Scaling to the main gate the riders were let in without hassle or judgment, and so they entered Sandro Clariamata.

They rode out into the courtyard, centered with an elaborate fountain that served to do nothing more than produce more water for an already humid air. With the horses sweating, the riders relieved them of their own weight and stepped down onto the ground. There were no special greetings for them, and in fact were treated almost as if nothing special had happened. The riders, having dismounted lead their horses to the stables, a red bricked building at the side of the courtyard, flanked by and enveloped by a larger guard house and barracks crowned with a large bastion of a tower.

The lead rider however did not follow. And hoisting a leather bag on his shoulder stepped towards the keep. His broad chin held up as his eyes lead his gaze up the height of the tower, balconies and verandas loomed overhead, cut into the keep itself. The castle in its time had become less defensive, and more palatial.

All up and down the keep, as with the out buildings each window was crowned by outwardly hanging awnings, carved of the native rock, they formed arching clam shells that case a shadow over the windows, often adorned with spikes to repel birds, these often failed as several brightly colored small parrots watched the man approach. As well, each corner of the keep had added even taller towers, capped and crowned with a roof, and under series of open windows set to capture the wind. The verandas and inlaid porches were themselves oriented on the keep to help catch the wind, facing predominately the north or southern sides.
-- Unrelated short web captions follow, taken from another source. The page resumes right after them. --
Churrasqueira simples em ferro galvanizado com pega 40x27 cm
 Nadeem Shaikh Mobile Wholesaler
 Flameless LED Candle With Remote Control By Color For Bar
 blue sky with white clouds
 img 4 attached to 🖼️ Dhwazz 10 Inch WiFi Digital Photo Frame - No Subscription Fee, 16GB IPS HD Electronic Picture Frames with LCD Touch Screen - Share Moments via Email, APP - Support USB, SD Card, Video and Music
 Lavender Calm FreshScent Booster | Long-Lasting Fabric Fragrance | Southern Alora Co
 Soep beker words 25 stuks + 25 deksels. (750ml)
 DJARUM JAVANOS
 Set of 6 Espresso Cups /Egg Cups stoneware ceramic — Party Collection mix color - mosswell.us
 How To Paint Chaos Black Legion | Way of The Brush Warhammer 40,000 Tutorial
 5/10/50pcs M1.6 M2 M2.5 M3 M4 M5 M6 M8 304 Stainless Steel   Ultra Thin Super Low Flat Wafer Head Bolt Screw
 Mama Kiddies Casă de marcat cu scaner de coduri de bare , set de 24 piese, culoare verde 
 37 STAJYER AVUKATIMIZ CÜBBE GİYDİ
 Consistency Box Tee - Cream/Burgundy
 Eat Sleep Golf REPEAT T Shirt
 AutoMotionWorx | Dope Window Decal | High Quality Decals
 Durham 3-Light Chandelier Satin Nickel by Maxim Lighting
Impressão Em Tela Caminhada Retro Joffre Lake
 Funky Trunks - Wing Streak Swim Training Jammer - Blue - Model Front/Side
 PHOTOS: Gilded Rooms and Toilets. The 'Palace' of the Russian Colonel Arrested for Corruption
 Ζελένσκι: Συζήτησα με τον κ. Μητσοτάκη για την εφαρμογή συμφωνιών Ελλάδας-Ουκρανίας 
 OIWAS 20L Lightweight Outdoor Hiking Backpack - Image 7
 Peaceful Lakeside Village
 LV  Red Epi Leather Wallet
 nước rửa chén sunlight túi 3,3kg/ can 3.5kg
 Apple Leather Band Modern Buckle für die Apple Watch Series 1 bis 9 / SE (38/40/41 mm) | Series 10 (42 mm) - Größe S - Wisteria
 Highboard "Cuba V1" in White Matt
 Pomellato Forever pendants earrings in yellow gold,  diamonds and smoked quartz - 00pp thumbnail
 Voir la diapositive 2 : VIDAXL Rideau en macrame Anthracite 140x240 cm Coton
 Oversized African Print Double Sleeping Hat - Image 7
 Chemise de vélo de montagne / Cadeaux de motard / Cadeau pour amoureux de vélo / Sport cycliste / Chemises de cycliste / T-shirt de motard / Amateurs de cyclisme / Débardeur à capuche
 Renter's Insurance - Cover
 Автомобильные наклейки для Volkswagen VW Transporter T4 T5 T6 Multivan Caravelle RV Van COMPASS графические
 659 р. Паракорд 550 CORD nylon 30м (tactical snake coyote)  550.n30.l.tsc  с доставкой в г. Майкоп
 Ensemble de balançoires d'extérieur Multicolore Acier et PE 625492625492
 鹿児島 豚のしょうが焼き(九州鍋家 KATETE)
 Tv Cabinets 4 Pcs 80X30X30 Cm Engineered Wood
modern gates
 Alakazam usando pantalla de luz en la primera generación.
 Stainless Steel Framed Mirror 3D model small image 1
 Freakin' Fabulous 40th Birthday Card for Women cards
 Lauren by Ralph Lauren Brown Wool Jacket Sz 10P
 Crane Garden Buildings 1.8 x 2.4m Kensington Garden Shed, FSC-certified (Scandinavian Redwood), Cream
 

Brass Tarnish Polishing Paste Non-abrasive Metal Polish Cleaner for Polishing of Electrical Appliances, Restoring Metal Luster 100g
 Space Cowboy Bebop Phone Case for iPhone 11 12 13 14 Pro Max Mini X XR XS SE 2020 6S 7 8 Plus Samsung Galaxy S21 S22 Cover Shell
The rider stepped into the keep, pulling open the great wooden doors and stepping into the dimly lit, high ceiling chambers beyond. It was relatively cool, and a bubbling fountain that splashed with fresh water seemed to give relief to the traveller. Approaching it, he splashed cool water onto his face, and washed away the buggy stickiness that had bothered him so much on the road. He breathed a sigh of relief.

He set off down high ceiling halls in wood paneling, and ascended the stairs. Walking into a study onto the second floor, he pulled the satchel from his shoulder and held it out to presentation to the young man seated at a chair by the window, his legs crossed as he sat half-naked reading a book. “Your honor, Franco Mersculi.” the man said in a calm voice.

The seated man looked up and turned to see the retainer in his door. Shutting the book on a piece of cloth he rose excitedly and walked towards him. Franco Mersculi was not much in the way of an impressive man, short, flabby, and balding prematurely. His beard was thin, which he made an effort of compensating for by keeping it cut short and pretending it didn't exist. His brown eyes were a sort of sleepy dullness, but were excited and lively when he came for the package.

“Oh splendid, you managed to get it!” he cheered happily, “For all the things I thought I would have had, I can't believe I didn't have the Epic of Atrieus.”

“I should tell you, we have it on loan. Assandra duo Mueto would like it back. I think she's afraid of the books condition. This is a family piece.” the retainer said.

Franco didn't seem to hear him, nor did he pretend to acknowledge. He was already greedily extracting the thick tome from the leather carrying case.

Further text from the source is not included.